> _Activity_: Exactly as written, output the lines below starting from the first and ending with the line that contains "Cicindela tranquebarica kirbyi"; omit pictures.

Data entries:

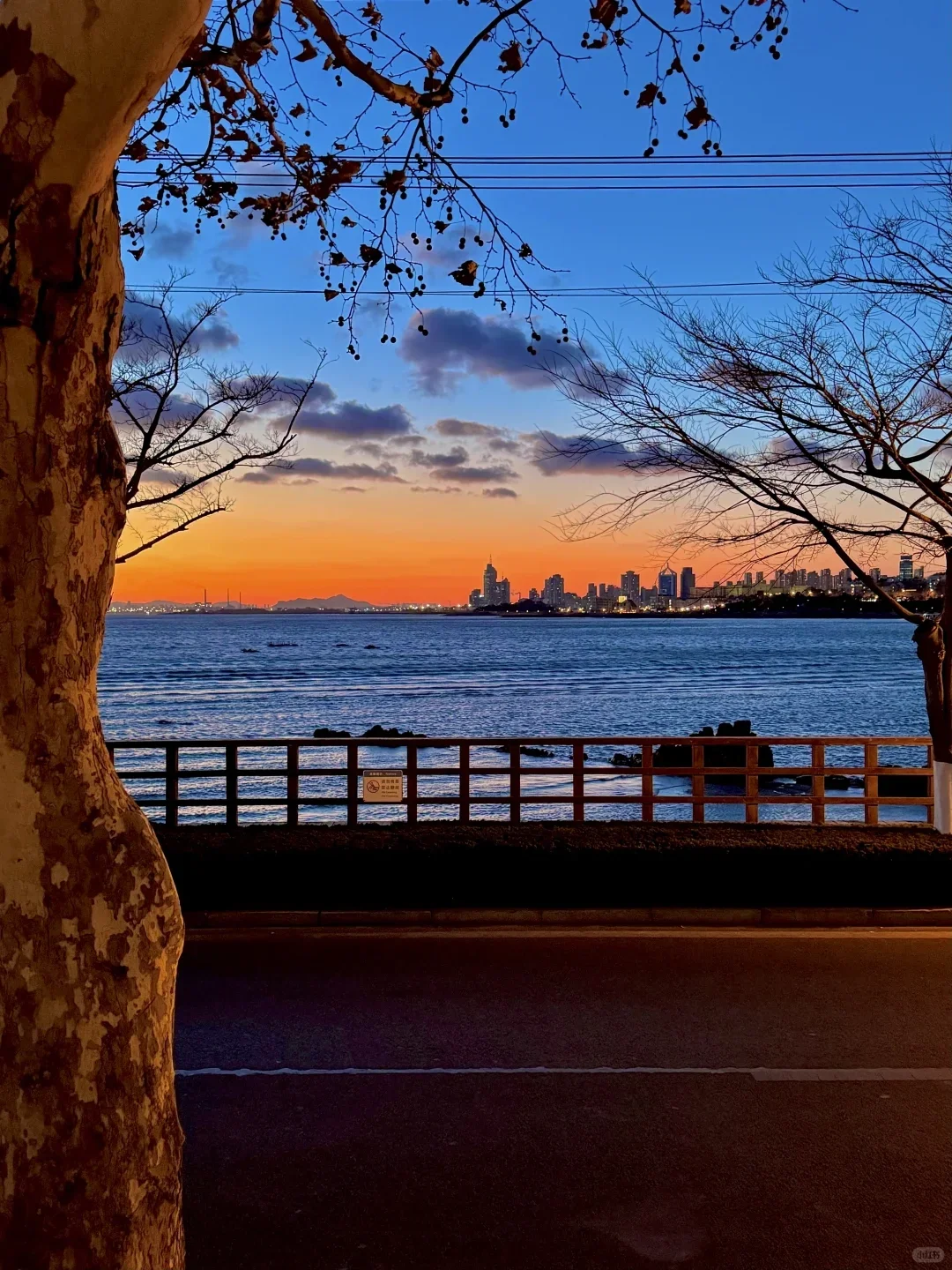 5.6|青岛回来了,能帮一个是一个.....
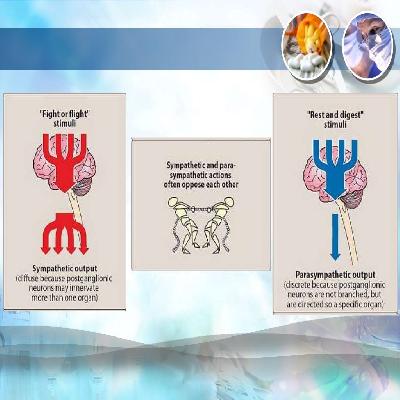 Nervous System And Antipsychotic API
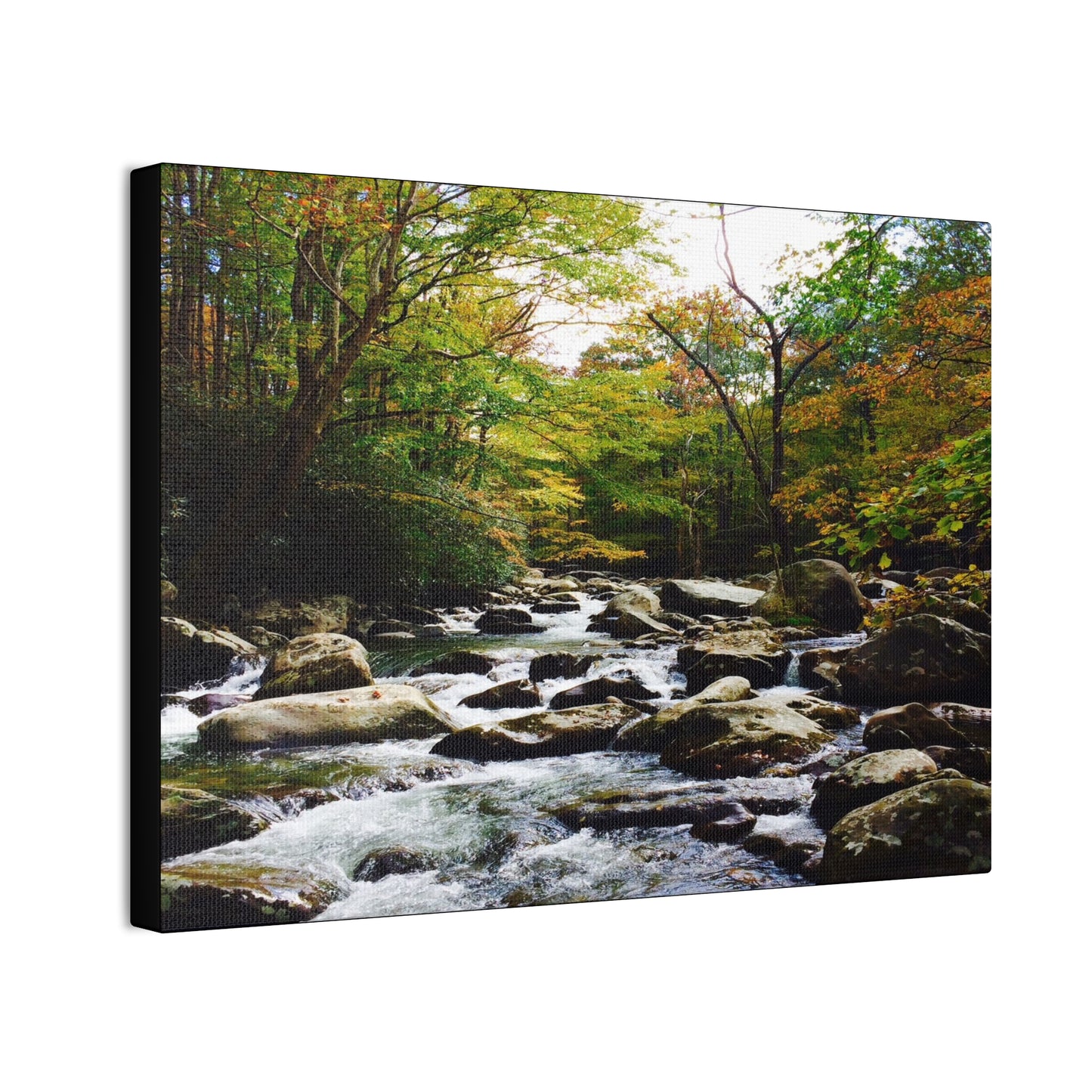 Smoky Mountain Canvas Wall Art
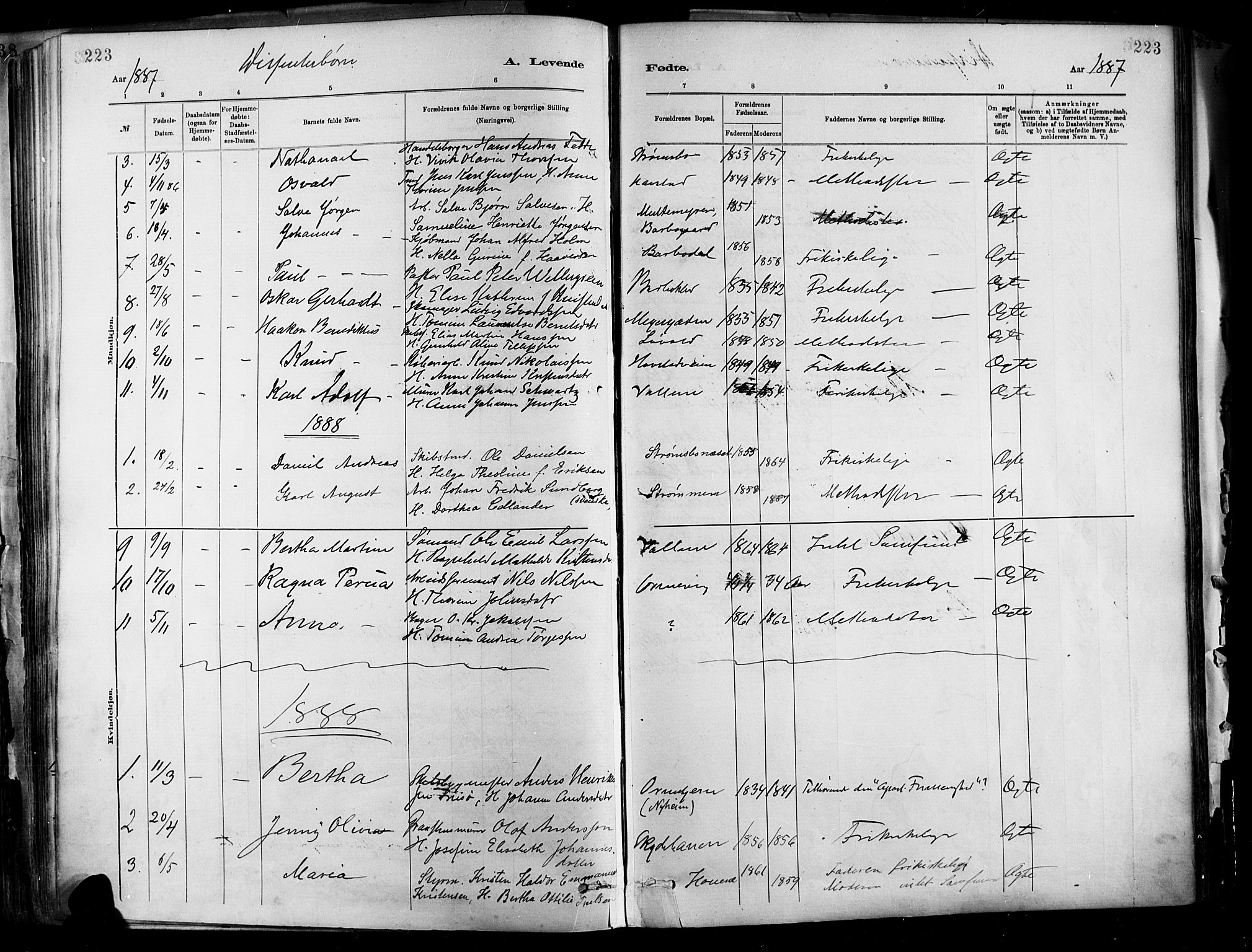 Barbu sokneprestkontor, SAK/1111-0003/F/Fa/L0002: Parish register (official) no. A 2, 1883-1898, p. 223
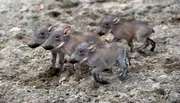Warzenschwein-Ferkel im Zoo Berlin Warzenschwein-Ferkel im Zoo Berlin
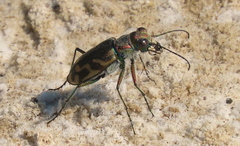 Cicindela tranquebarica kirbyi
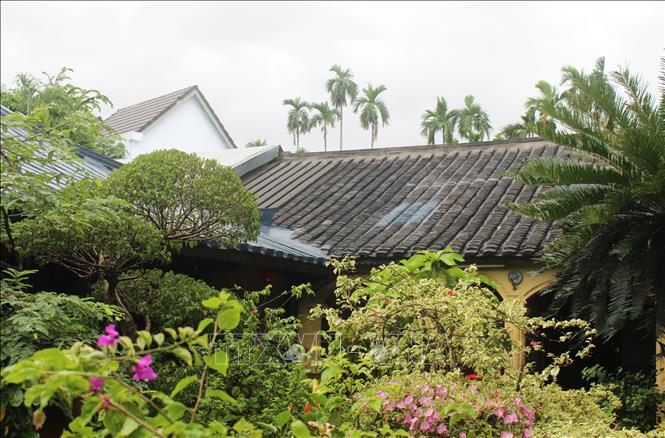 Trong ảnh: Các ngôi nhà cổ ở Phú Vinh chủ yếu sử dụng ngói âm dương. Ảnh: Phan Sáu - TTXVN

> _Exercise result_:
 5.6|青岛回来了,能帮一个是一个.....
 Nervous System And Antipsychotic API
 Smoky Mountain Canvas Wall Art
 Barbu sokneprestkontor, SAK/1111-0003/F/Fa/L0002: Parish register (official) no. A 2, 1883-1898, p. 223
Warzenschwein-Ferkel im Zoo Berlin Warzenschwein-Ferkel im Zoo Berlin
 Cicindela tranquebarica kirbyi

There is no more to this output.